**THE DATA**
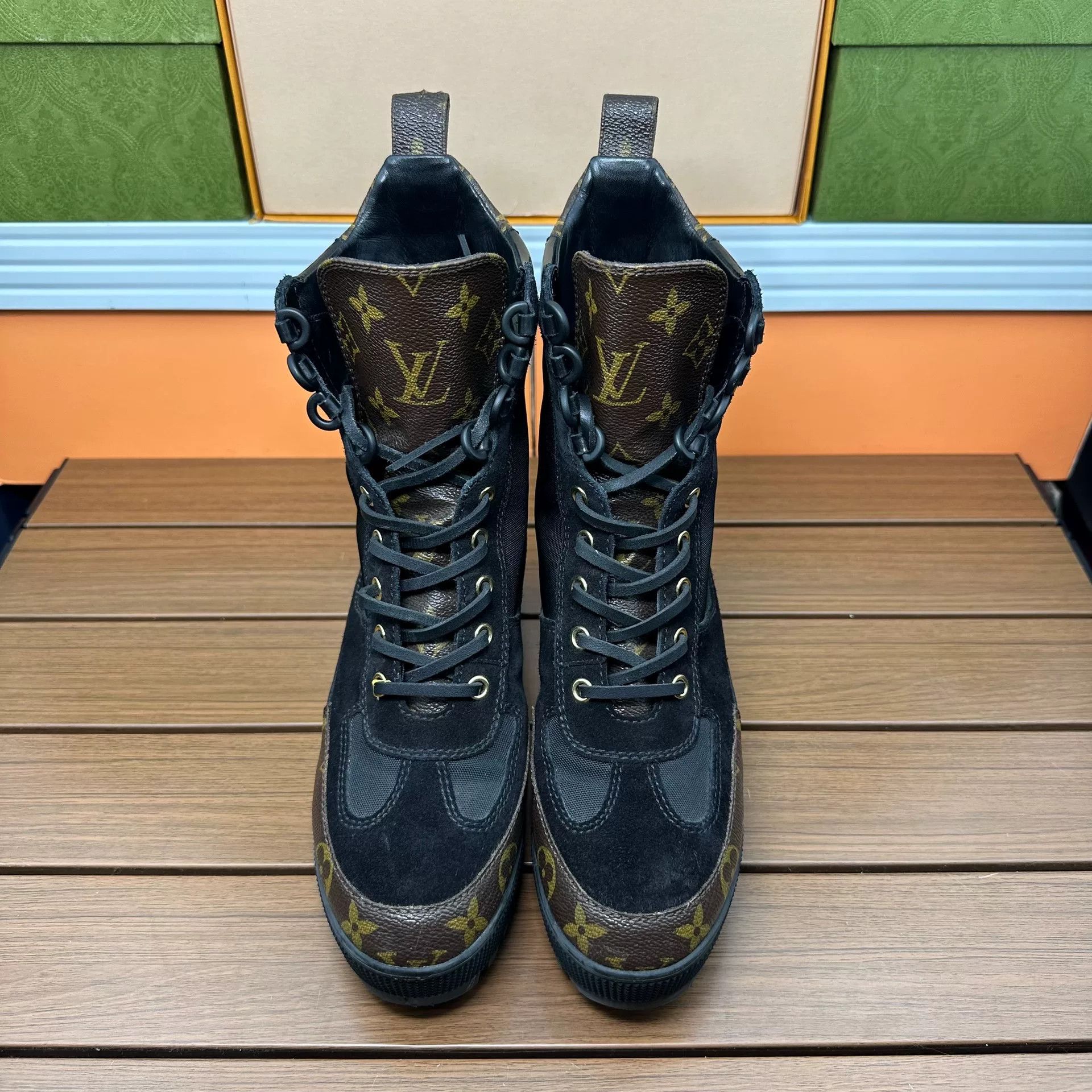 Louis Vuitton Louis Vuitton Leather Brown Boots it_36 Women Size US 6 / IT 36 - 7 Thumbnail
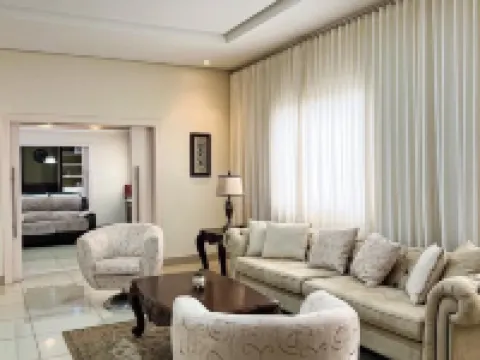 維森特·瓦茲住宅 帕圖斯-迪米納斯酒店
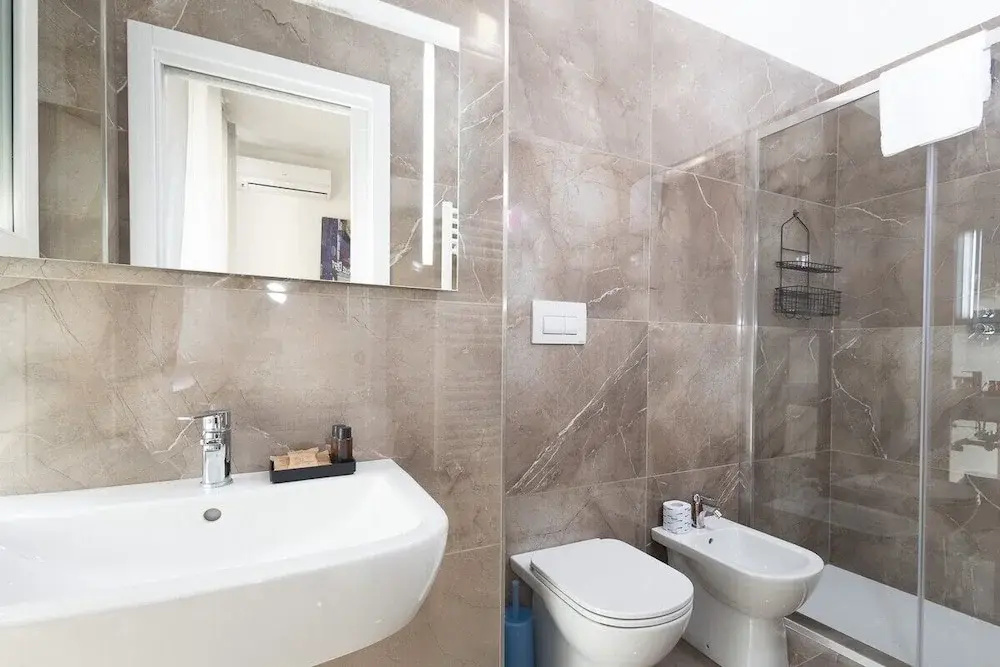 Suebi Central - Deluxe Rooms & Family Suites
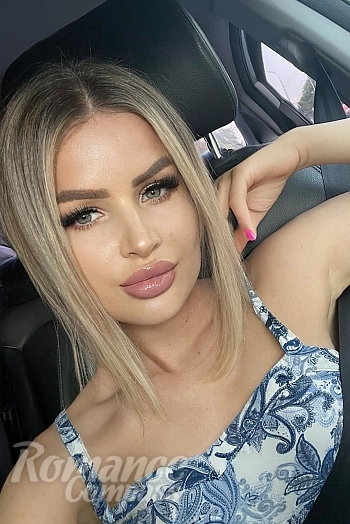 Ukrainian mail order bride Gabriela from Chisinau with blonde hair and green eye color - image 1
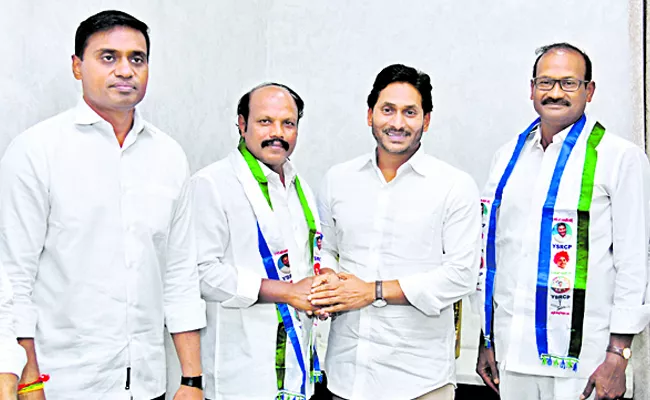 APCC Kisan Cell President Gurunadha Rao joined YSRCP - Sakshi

**WHAT YOU WILL DO**
Without the pictures, write out the listing exactly as it appears above.

**TASK OUTPUT**
 Louis Vuitton Louis Vuitton Leather Brown Boots it_36 Women Size US 6 / IT 36 - 7 Thumbnail
 維森特·瓦茲住宅 帕圖斯-迪米納斯酒店
 Suebi Central - Deluxe Rooms & Family Suites
 Ukrainian mail order bride Gabriela from Chisinau with blonde hair and green eye color - image 1
 APCC Kisan Cell President Gurunadha Rao joined YSRCP - Sakshi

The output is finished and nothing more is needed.